Namun, serangan tersebut bukanlah pertama kali terjadi. Serangan ransomware, sebelumnya pernah menargetkan beberapa perusahaan besar di Amerika Serikat. Bahkan perusahaan harus membayar tebusan dengan nilai yang tinggi untuk mengembalikan data yang dienkripsi oleh para penjahat siber (peretas atau hacker). Berikut perusahaan yang pernah diserang ransomware.
1. CNA Financial
Salah satu perusahaan asuransi besar di Amerika, CNA Financial harus membayar US$ 40 juta untuk membebaskan diri dari serangan ransomware pada Maret 2021. Menurut sumber yang mengetahui masalah tersebut, perusahaan yang berbasis di Chicago sudah mendapatkan kembali kendali atas jaringannya setelah membayar tebusan.
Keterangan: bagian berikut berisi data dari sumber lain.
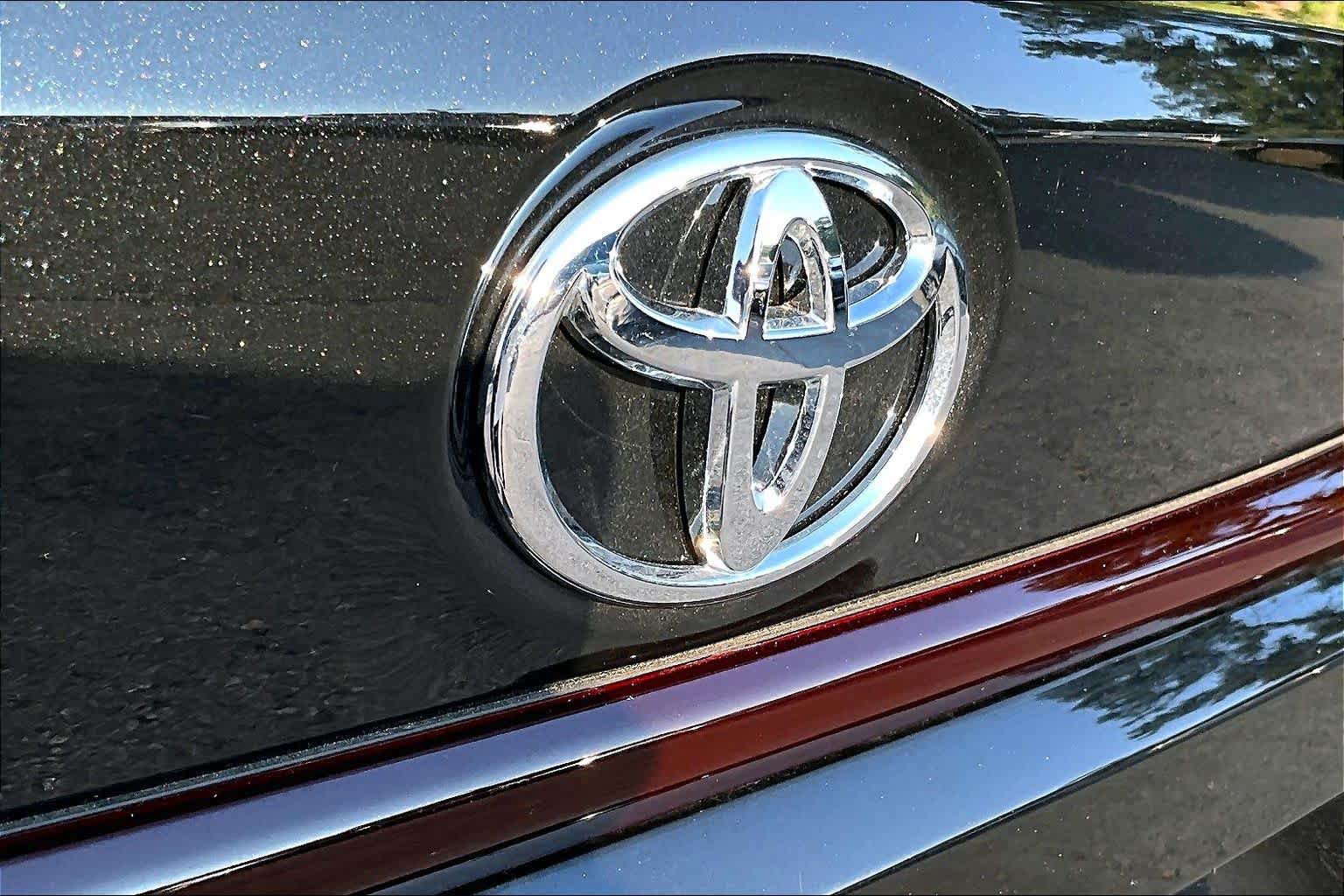 Certified 2022 Toyota Corolla LE FWD image 31
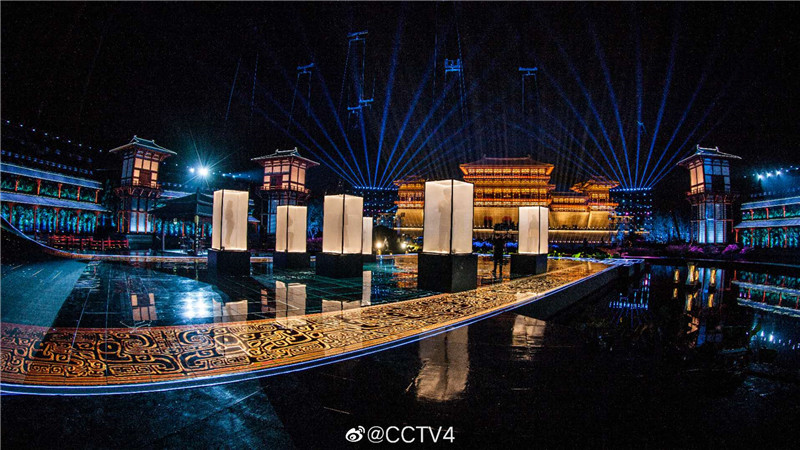 「组图」唯美!央视秋晚舞美设计与千年古都交相辉映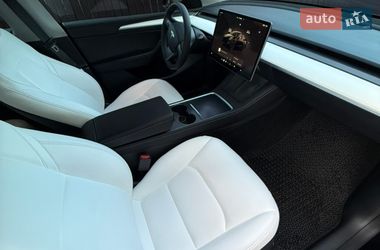 Внедорожник / Кроссовер Tesla Model Y 2024 в Дрогобыче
Awalnya peretas dilaporkan menuntut US$ 60 juta ketika negosiasi dimulai sekitar seminggu setelah sistem CNA dienkripsi. CNA Financial akhirnya membayar dengan jumlah yang lebih rendah seminggu kemudian.
Para peretas CNA Financial menggunakan malware yang disebut Phoenix Locker, varian dari ransomware yang dijuluki Hades. Menurut pakar keamanan siber, ransomware ini dibuat oleh sindikat kejahatan dunia maya Rusia yang dikenal sebagai Evil Corp.
Dalam pernyataannya, juru bicara CNA Financial Cara McCall saat itu hanya mengatakan bahwa perusahaannya telah mengikuti aturan hukum. Dia mengaku telah berkonsultasi tentang serangan dan identitas penyerang dengan FBI, serta kantor pengawasan aset luar negeri departemen keuangan setempat.
McCall tidak memberi konfirmasi atas uang tebusan itu. “CNA mengikuti semua aturan hukum, peraturan, dan panduan yang diterbitkan, termasuk panduan ransomeware OFAC 2020, dalam menangani masalah ini,” katanya seperti dikutip dari Bloomberg, Kamis.
Dalam pembaruan insiden keamanan yang diterbitkan pada 12 Mei 2021 lalu itu, CNA Financial menulis: ”tidak percaya bahwa sistem pencatatan, klaim, atau penjaminan emisi, tempat sebagian besar data pemegang polis—termasuk persyaratan kebijakan dan batas cakupan—yang tersimpan terkena dampak.”